Multivariate sib-pair linkage analysis of longitudinal phenotypes by three step-wise analysis approaches.

作者信息

Guo Zheng, Li Xia, Rao Shaoqi, Moser Kathy L, Zhang Tianwen, Gong Binsheng, Shen Gongqing, Li Lin, Cannata Ruth, Zirzow Erich, Topol Eric J, Wang Qing

机构信息

Department of Computer Science, Harbin Institute of Technology, Harbin, China.

出版信息

BMC Genet. 2003 Dec 31;4 Suppl 1(Suppl 1):S68. doi: 10.1186/1471-2156-4-S1-S68.

Abstract

BACKGROUND

Current statistical methods for sib-pair linkage analysis of complex diseases include linear models, generalized linear models, and novel data mining techniques. The purpose of this study was to further investigate the utility and properties of a novel pattern recognition technique (step-wise discriminant analysis) using the chromosome 10 linkage data from the Framingham Heart Study and by comparing it with step-wise logistic regression and linear regression.

RESULTS

The three step-wise approaches were compared in terms of statistical significance and gene localization. Step-wise discriminant linkage analysis approach performed best; next was step-wise logistic regression; and step-wise linear regression was the least efficient because it ignored the categorical nature of disease phenotypes. Nevertheless, all three methods successfully identified the previously reported chromosomal region linked to human hypertension, marker GATA64A09. We also explored the possibility of using the discriminant analysis to detect gene x gene and gene x environment interactions.
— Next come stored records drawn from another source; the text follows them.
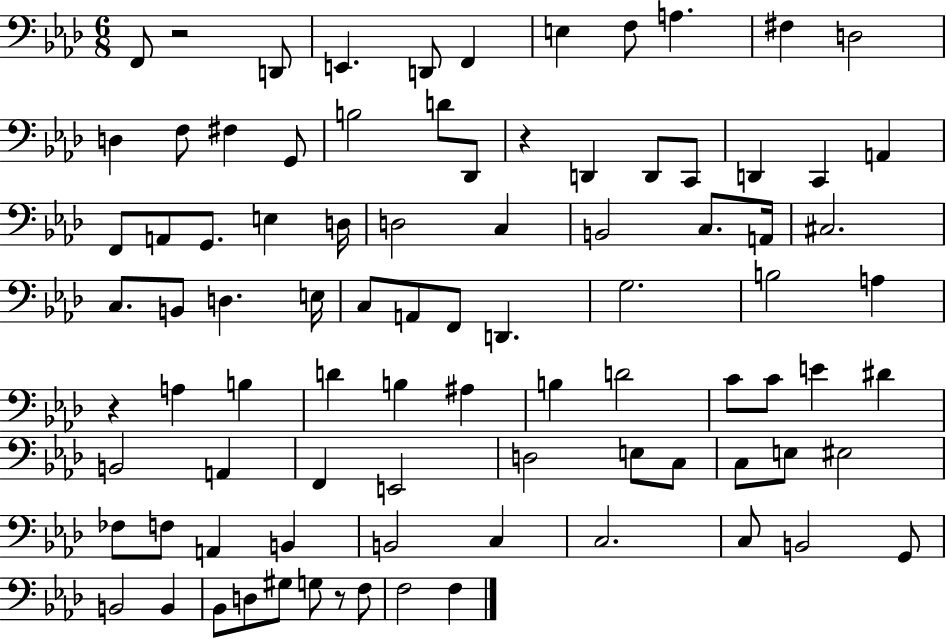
{
  \clef bass
  \numericTimeSignature
  \time 6/8
  \key aes \major
  f,8 r2 d,8 | e,4. d,8 f,4 | e4 f8 a4. | fis4 d2 | \break d4 f8 fis4 g,8 | b2 d'8 des,8 | r4 d,4 d,8 c,8 | d,4 c,4 a,4 | \break f,8 a,8 g,8. e4 d16 | d2 c4 | b,2 c8. a,16 | cis2. | \break c8. b,8 d4. e16 | c8 a,8 f,8 d,4. | g2. | b2 a4 | \break r4 a4 b4 | d'4 b4 ais4 | b4 d'2 | c'8 c'8 e'4 dis'4 | \break b,2 a,4 | f,4 e,2 | d2 e8 c8 | c8 e8 eis2 | \break fes8 f8 a,4 b,4 | b,2 c4 | c2. | c8 b,2 g,8 | \break b,2 b,4 | bes,8 d8 gis8 g8 r8 f8 | f2 f4 | \bar "|."
}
There was evidence to suggest the existence of gene x environment interactions between markers GATA64A09 or GATA115E01 and hypertension treatment and gene x gene interactions between markers GATA64A09 and GATA115E01. Finally, we answered the theoretical question "Is a trichotomous phenotype more efficient than a binary?" Unlike logistic regression, discriminant sib-pair linkage analysis might have more power to detect linkage to a binary phenotype than a trichotomous one.

CONCLUSION

We confirmed our previous speculation that step-wise discriminant analysis is useful for genetic mapping of complex diseases. This analysis also supported the possibility of the pattern recognition technique for investigating gene x gene or gene x environment interactions.

摘要

背景

目前用于复杂疾病同胞对连锁分析的统计方法包括线性模型、广义线性模型和新型数据挖掘技术。本研究的目的是利用弗雷明汉心脏研究中10号染色体的连锁数据,进一步研究一种新型模式识别技术(逐步判别分析)的效用和特性,并将其与逐步逻辑回归和线性回归进行比较。

结果

从统计学显著性和基因定位方面对三种逐步分析方法进行了比较。逐步判别连锁分析方法表现最佳;其次是逐步逻辑回归;逐步线性回归效率最低,因为它忽略了疾病表型的分类性质。然而,所有三种方法都成功地识别出了先前报道的与人类高血压相关的染色体区域,即标记GATA64A09。我们还探讨了使用判别分析检测基因×基因和基因×环境相互作用的可能性。有证据表明,标记GATA64A09或GATA115E01与高血压治疗之间存在基因×环境相互作用,标记GATA64A09和GATA115E01之间存在基因×基因相互作用。最后,我们回答了“三分型表型是否比二分型更有效?”这一理论问题。与逻辑回归不同,判别同胞对连锁分析可能在检测与二分型表型的连锁方面比三分型表型更具效力。

结论

我们证实了之前的推测,即逐步判别分析对复杂疾病的基因定位有用。该分析还支持了模式识别技术用于研究基因×基因或基因×环境相互作用的可能性。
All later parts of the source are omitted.